Dubai’s ruler battles wife in UK court after she fled emirate


British government alleged to have been lobbied for return of Princess Haya

Owen Bowcott and Mark Hollingsworth
July 1, 2019, The Guardian

Sheikh Mohammed bin Rashid al-Maktoum and Princess Haya bint al-Hussein at Goodwood racecourse in 2013. (Photograph: Alan Crowhurst/Getty Images)

A legal battle between two of the most prominent Middle Eastern royals has been launched in the London courts amid claims that the UK government has been lobbied over the case.

Princess Haya bint al-Hussein, daughter of the late King Hussein of Jordan, and her husband, Sheikh Mohammed bin Rashid al-Maktoum, the ruler of Dubai, are understood to have parted. They are now engaged in a formal dispute in the high court. The case began after she fled Dubai and is due to resume later this month.

The Emirati royal family has already been in the spotlight over the case of Princess Latifa, Sheikh Mohammed’s daughter, who allegedly escaped Dubai and was subsequently seized off the coast of India by commandos and forcibly returned to her home.

Emirati authorities dismissed the allegations over Princess Latifa’s treatment and abduction at the time as fiction, saying that she was “vulnerable to exploitation” and had been kidnapped.

Princess Haya is close to the British royal family and owns an £85m house near Kensington Palace. Unusually, she has not been seen at Ascot this summer despite being a keen equestrian and regular racegoer.
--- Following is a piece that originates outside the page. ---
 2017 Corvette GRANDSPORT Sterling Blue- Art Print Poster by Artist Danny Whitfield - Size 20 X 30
She is believed to be in the UK.

She married the billionaire Sheikh Mohammed in 2004 and is his sixth wife. The princess was educated at private schools in the UK and studied philosophy, politics and economics at Oxford University. She has served on the International Olympic Committee and has been a goodwill ambassador for the United Nations world food programme.

Requests are alleged to have been made to the UK through private Dubai channels seeking her return to the United Arab Emirates and she is believed to have been concerned about her personal safety in the UK. The Foreign Office, however, is understood to regard the matter as a private dispute.
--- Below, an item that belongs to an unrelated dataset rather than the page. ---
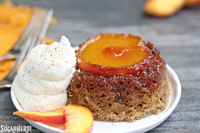 Pineapple WHO? These Peach Upside-Down Cakes are delicious spiced cakes topped with juicy caramelized peaches. Try them warm with ice cream or whipped cream!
The UAE’s embassy in London has denied that it has been involved in any discussion of Princess Haya’s presence in the UK.

A spokesperson for the UAE embassy said: “The UAE government does not intend to comment on allegations about individuals’ private lives. As for whether it has raised such an issue with its German or British counterparts, the answer is no.”

The princess was reported to have travelled initially from Dubai to Germany and supposedly sought asylum there.

Radha Stirling, chief executive of the campaign group Detained in Dubai, which follows events in the Gulf state closely, said: “We already know that Princess Latifa, Sheikh Mohammed’s daughter, fled the UAE seeking asylum and alleging unspeakable abuse at the hands of her father. Now, it seems, Princess Haya, Sheikh Mohammed’s wife, has also fled the country and sought refuge in Germany.

“Obviously, this raises serious questions as to what prompted her to flee … She is, after all, a free adult woman, and the sister of the King of Jordan; yet apparently, she feels unsafe.”

Lawyers for Sheikh Mohammed declined to comment about the case.